Instructions to follow
Exactly the lines from the first line of the records to the line holding "Pronájem komerčního prostoru 99 m² - foto 2" should be duplicated, and nothing more; pictures stay out.
[Data supplied — start]
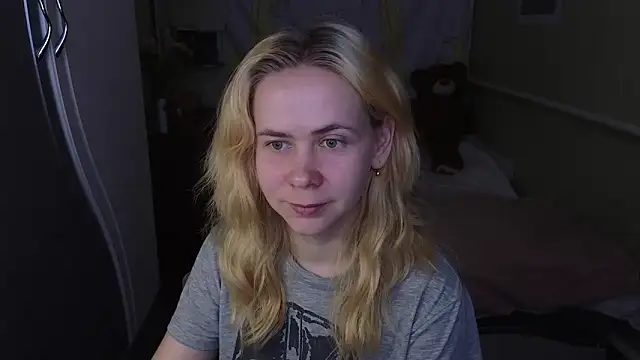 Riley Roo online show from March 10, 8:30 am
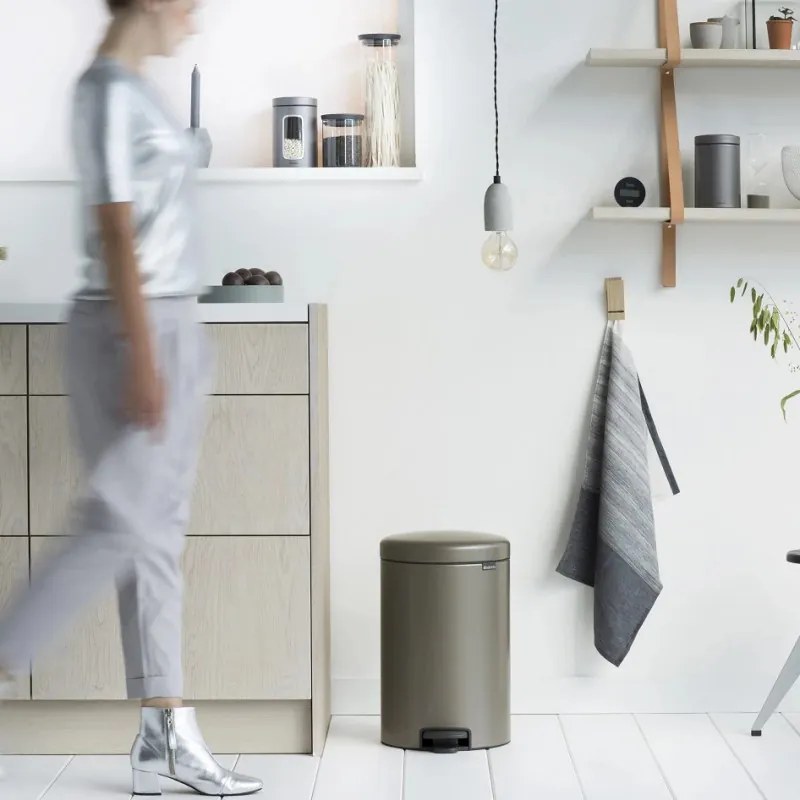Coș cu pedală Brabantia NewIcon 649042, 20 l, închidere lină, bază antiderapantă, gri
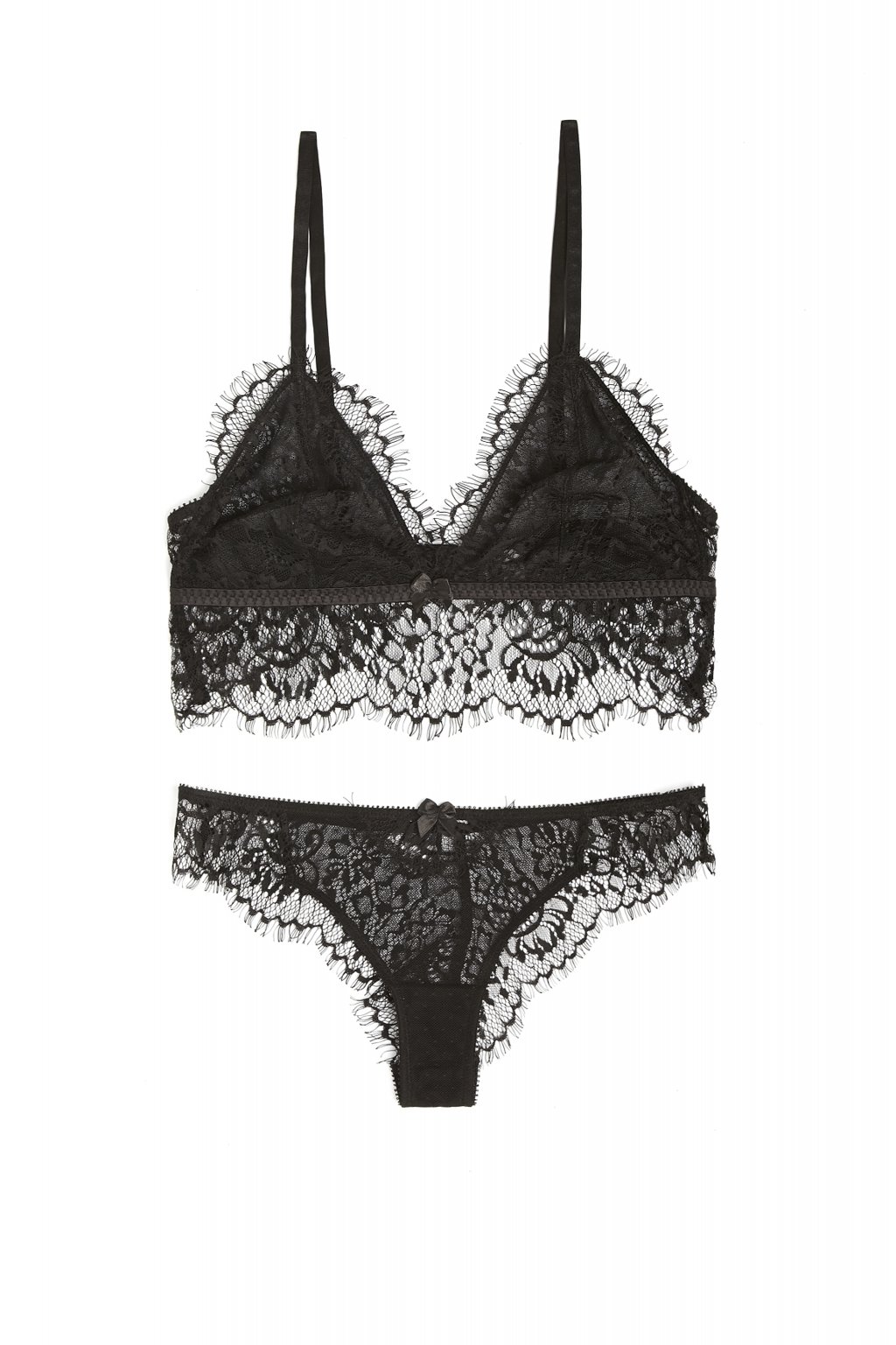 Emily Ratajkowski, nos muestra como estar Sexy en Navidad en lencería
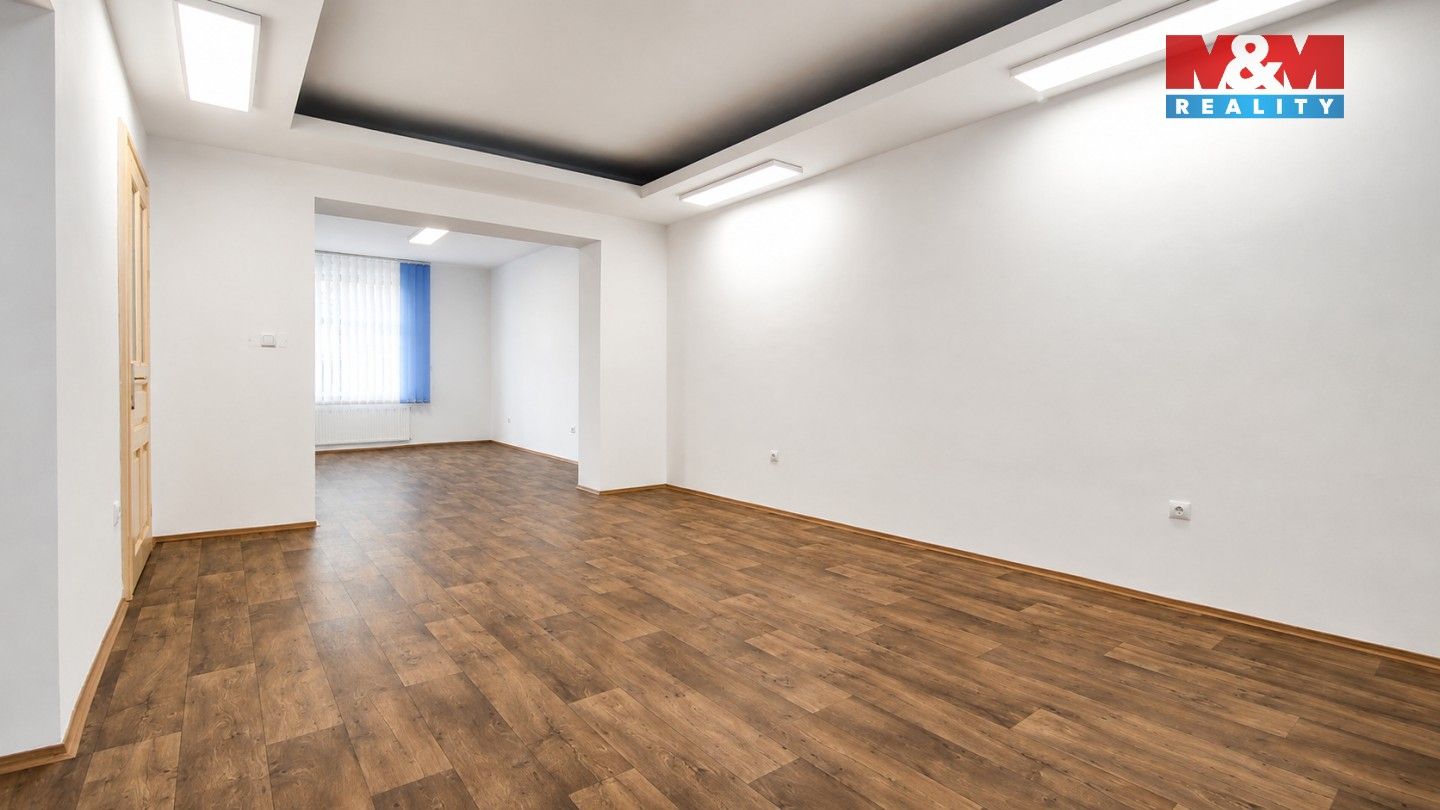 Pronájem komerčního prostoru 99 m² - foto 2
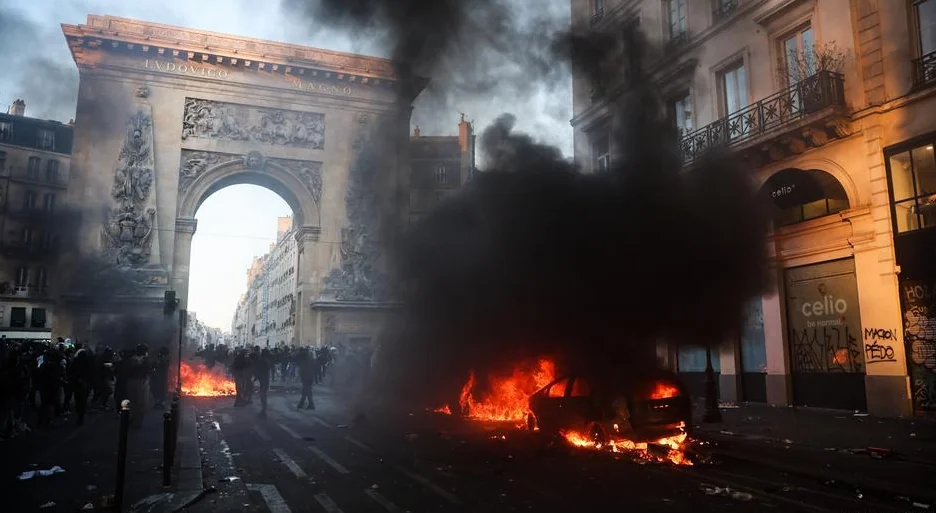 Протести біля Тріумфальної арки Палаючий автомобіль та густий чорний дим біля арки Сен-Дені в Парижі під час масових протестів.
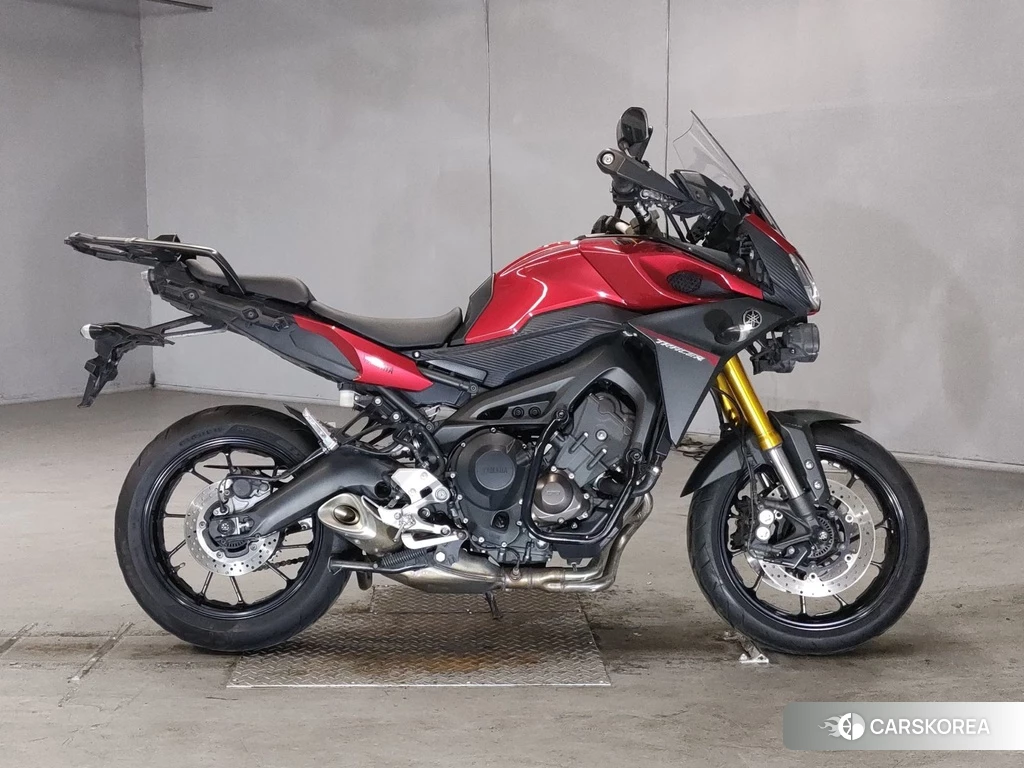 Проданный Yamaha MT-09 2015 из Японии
[Data supplied — finish]
Response to this exercise
 Riley Roo online show from March 10, 8:30 am
Coș cu pedală Brabantia NewIcon 649042, 20 l, închidere lină, bază antiderapantă, gri
 Emily Ratajkowski, nos muestra como estar Sexy en Navidad en lencería
 Pronájem komerčního prostoru 99 m² - foto 2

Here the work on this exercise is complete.